I've read all the microchip app notes but can't find anything that solves the problem of precision programmed current control. 

Being a programmer primarily, I assumed that a "digital potentiometer" would have "digital precision", until I had them on the breadboard and read the nominal resistance of a batch of 100K pots at 70-80K average.  This makes consistent precision control of the PT2399 a challenge.

The other thing I've noticed is that I can never get precise reads on the nominal resistance.  It changes from multimeter to multimeter, and when I perform current tests using the nominal resistance and a known voltage, it can be 5% off from the calculated value.

So, the questions remaining are:

1) How to achieve precision resistance values using digital potentiometers

2) How to get consistent readings of the resistance of digital potentiometers

Hopefully 19,000 heads are better than one!  Thanks!

[JKowalski]

I've read all the microchip app notes but can't find anything that solves the problem of precision programmed current control. 

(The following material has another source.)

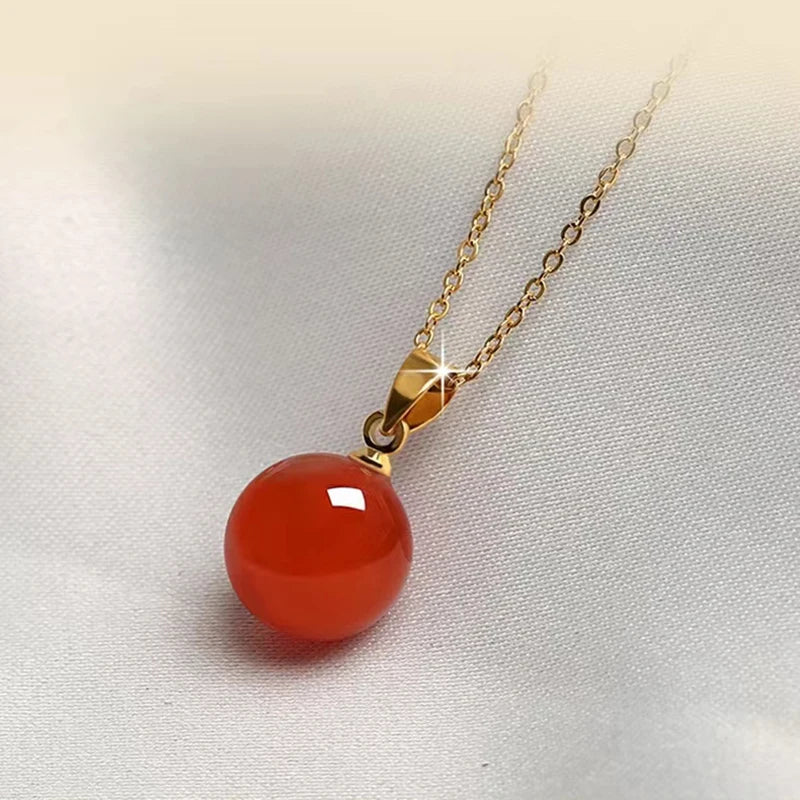 XF800 New Real 18K Gold Pendant Necklace Red Agate Fine Jewelry Pure Au750 Chain Vintage Anniversary Gift For Women X054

Why don't you just use a precision DAC with the required analog components to use the output to control the PT2399 pin?

It doesn't have to be a resistance change.


I think digital pots are mainly used for controlling volumes of audio signals & similar where total resistance isn't that important...

[cloudscapes]

I second the precision DAC idea. 12 bit is probably enough for something that's foot-tapped. DACs won't give you the three-lug pot digital pots will, but I don't think that's needed with the 2399, if I recall.

[MoltenVoltage]

Thanks for the responses.

I don't think you can just apply a varying voltage to Pin 6, but I may be wrong.

I looked at the datasheet and it does say that Pin 6 is a VCO frequency adjustment:
"Overall delay time is determined by internal VCO clock frequency, and user can easy to change the VCO frequency by changing the external resistance."

However, Pin 6 is a current drain to ground, and I don't think can just put a voltage onto a pin that is expecting a current drain to ground.

The only other way that I know of to control current using a voltage is with an FET, but then you are just trading one problem for another since they are at least as variable as the digipots.

Chris, were you thinking of an FET when you said "required analog components"?

[pjwhite]

I'll offer a third vote for a DAC.  Even an 8-bit DAC would probably be good enough.  You could use a current-output DAC, but a voltage-output DAC with a resistor in series with the output would probably work as well.

Looking at the data sheet for that delay chip, it appears that the delay time is not related linearly to the control resistance.  I also doubt that the numbers given in the data sheet for delay vs resistance are very accurate or consistent from one device to the next.  The VCO must use one of the external capacitors in the oscillator circuit, and the frequency accuracy would be directly tied to the tolerance of this cap.

If you're looking to get precise control of the delay time, I would say that you should find a pin on the PT2399 where you can pick up the VCO frequency output and measure it against a crystal controlled reference.  Then, using successive approximation, adjust the VCO control DAC until you get the exact frequency you want.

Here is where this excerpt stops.